Strengthening Competition Oversight: Empowering Regulatory Review For Non-Notifiable Mergers In India
Mergers and acquisitions that do not surpass a specific threshold are not
obligated to be disclosed to the Competition Commission of India (CCI) for prior
clearance under the provisions of the Competition Act, 2002. This exemption,
sanctioned by the Indian Ministry of Corporate Affairs (MCA), is grounded in
certain de-minimis thresholds enshrined in Sections 5 and 6 of the Act.
Transactions wherein the assets of the target company are valued at less than
INR 350 crore or the target's turnover is below INR 1,000 crore (referred to as
the "Small Target Exemption") are exempt from the requirement of CCI approval.
Initially introduced on March 27, 2017, the MCA extended the applicability of
the Small Target Exemption for an additional five-year period, until March 27,
2027, as indicated in a notice dated March 16, 2022.

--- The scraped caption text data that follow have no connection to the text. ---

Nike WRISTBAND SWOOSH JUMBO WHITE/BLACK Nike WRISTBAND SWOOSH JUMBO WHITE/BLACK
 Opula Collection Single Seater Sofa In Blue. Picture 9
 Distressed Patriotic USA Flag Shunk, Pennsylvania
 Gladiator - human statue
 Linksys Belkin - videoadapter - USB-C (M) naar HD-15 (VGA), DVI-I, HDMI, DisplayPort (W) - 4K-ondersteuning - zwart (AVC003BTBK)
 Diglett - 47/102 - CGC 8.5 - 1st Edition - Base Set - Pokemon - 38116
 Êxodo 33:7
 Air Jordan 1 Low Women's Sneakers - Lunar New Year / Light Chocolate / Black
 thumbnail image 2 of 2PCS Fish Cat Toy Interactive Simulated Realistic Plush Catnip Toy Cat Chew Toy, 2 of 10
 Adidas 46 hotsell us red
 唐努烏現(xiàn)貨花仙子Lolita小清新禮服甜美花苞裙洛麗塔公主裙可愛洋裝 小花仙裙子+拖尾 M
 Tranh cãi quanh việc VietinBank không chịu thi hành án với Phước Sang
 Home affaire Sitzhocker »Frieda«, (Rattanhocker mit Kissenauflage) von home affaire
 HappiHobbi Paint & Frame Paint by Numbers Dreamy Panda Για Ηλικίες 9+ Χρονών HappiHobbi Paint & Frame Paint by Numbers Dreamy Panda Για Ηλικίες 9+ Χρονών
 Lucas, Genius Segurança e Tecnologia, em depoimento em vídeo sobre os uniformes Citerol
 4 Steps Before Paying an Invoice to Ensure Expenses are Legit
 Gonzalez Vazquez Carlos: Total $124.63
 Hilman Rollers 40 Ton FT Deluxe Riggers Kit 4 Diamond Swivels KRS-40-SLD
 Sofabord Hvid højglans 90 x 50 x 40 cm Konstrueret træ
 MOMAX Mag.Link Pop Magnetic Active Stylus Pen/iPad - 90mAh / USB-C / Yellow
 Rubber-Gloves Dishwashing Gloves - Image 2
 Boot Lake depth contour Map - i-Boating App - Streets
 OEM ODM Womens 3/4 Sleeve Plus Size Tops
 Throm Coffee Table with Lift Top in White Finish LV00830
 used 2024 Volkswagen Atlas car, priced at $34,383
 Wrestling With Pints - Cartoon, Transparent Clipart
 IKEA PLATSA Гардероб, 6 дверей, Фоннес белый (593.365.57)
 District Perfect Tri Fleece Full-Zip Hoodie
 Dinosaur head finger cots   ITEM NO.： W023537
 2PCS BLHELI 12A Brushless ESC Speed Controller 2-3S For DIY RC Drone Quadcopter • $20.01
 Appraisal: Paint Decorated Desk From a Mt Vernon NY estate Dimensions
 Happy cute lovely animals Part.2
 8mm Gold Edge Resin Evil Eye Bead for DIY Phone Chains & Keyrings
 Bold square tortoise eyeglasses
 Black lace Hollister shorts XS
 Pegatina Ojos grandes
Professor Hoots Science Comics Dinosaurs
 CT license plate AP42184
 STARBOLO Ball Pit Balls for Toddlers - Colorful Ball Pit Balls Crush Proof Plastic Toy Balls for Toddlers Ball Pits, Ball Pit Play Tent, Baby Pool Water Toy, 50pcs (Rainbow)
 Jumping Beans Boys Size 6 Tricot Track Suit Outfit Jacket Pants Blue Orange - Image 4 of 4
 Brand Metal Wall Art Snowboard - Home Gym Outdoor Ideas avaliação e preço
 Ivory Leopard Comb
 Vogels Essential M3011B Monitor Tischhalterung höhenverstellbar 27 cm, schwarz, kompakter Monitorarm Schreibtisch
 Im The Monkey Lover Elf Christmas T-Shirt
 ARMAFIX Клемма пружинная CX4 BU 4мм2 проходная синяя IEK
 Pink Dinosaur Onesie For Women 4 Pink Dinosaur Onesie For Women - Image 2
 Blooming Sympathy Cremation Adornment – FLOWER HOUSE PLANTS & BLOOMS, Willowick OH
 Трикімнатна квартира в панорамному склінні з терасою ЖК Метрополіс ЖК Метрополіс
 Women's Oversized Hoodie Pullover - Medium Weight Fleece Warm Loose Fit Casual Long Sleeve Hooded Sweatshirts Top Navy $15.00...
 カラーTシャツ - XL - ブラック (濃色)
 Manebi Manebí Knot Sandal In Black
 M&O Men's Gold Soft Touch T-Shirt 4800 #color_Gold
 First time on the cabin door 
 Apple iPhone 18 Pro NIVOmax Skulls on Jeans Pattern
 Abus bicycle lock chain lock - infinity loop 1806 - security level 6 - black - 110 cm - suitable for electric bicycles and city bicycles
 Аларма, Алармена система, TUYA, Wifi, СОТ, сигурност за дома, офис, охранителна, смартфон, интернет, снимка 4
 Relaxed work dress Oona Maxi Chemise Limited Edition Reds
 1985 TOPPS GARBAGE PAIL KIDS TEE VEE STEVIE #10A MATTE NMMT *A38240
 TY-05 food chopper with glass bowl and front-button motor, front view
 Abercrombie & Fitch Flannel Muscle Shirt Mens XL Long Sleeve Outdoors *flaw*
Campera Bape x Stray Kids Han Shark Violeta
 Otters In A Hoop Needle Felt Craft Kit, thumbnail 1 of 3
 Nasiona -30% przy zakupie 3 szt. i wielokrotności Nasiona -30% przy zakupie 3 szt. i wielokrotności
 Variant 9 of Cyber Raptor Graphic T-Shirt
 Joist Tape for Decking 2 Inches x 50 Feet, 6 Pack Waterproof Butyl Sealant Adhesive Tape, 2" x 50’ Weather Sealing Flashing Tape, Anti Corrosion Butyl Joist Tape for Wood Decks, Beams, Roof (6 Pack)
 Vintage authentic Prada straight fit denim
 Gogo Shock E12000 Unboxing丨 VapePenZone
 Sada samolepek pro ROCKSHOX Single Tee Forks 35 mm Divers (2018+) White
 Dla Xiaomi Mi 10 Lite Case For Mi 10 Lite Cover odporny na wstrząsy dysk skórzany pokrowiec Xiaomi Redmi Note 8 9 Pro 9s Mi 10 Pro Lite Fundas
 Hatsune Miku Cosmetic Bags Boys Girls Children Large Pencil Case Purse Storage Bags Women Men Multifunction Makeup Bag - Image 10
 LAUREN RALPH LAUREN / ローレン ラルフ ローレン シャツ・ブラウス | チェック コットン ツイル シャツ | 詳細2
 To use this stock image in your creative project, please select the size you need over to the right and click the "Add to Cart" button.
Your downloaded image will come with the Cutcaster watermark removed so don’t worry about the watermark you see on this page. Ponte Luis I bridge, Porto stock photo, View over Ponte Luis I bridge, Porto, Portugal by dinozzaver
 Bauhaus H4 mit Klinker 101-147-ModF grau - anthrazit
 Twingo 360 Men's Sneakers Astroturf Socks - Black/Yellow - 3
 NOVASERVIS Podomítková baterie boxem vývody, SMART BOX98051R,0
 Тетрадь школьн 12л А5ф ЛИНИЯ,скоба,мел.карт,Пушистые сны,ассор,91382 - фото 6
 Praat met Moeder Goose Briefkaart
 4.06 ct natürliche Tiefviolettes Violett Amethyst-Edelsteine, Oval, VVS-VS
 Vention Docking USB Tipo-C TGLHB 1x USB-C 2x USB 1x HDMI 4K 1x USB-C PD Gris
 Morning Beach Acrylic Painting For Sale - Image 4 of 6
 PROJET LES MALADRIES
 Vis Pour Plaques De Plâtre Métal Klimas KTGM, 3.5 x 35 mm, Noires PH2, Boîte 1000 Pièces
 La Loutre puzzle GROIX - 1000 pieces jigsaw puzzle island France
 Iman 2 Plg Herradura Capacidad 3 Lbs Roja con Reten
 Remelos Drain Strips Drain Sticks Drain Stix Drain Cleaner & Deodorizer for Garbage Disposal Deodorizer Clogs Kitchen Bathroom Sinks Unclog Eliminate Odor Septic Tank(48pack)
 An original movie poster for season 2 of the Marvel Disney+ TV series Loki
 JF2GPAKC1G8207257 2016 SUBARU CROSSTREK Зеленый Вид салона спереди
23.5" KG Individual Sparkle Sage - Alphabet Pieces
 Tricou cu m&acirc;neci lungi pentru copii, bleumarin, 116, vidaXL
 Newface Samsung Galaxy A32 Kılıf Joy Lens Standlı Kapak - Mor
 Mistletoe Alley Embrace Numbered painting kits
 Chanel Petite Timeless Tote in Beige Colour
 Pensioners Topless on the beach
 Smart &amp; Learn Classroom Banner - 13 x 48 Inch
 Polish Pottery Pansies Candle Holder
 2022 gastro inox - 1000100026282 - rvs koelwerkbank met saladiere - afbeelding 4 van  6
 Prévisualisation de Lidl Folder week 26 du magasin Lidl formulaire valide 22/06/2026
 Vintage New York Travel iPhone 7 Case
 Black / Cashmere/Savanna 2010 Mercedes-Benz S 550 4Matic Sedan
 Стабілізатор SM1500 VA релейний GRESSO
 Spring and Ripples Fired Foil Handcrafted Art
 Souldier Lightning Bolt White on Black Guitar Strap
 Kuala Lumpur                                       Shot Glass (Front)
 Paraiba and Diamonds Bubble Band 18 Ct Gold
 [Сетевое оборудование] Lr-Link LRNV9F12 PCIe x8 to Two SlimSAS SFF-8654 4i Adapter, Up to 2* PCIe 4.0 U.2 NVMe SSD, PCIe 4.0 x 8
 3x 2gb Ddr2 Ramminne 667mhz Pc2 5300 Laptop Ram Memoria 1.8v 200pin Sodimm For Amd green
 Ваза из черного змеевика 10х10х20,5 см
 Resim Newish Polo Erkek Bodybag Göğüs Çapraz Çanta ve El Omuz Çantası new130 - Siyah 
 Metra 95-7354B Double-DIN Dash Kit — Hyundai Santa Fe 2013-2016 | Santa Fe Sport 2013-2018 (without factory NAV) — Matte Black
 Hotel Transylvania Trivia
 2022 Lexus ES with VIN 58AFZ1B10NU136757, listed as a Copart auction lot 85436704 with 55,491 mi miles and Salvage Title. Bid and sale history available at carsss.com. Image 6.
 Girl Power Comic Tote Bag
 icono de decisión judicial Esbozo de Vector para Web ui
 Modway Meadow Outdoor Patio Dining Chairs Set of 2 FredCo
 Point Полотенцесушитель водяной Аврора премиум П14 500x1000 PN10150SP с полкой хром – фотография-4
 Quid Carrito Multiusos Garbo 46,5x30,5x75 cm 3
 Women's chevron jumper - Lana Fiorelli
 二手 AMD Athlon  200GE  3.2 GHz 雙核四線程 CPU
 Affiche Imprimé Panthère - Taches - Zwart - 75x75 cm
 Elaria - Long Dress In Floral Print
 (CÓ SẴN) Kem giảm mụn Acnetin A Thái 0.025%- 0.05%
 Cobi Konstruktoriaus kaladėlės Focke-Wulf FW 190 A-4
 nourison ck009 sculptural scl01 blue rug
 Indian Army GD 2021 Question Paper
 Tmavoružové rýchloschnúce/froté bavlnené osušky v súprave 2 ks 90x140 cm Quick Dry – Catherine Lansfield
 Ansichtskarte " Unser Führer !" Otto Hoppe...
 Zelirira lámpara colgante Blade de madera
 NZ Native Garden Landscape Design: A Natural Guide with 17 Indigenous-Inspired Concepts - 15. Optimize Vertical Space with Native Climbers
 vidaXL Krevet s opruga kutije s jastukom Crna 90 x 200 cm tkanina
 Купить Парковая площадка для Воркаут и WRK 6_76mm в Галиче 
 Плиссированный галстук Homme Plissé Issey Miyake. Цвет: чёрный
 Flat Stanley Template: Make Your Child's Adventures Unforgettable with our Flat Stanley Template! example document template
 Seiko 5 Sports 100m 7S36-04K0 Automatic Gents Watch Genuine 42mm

Recently, PVR Limited (PVR) and INOX Leisure Limited (INOX) made public their
intention to merge. Following the merger (referred to as the "PVR-INOX Merger"),
INOX shareholders will receive PVR shares based on an approved share swap
agreement resulting from the transaction. While the existing PVR and INOX
screens will maintain their current branding, new cinemas established after the
merger will bear the name "PVR-INOX Ltd." With a collective network comprising
over 1,500 screens, nearly half of the nation's total screens, the PVR-INOX
Merger is designed to unite two of India's foremost multiplex companies.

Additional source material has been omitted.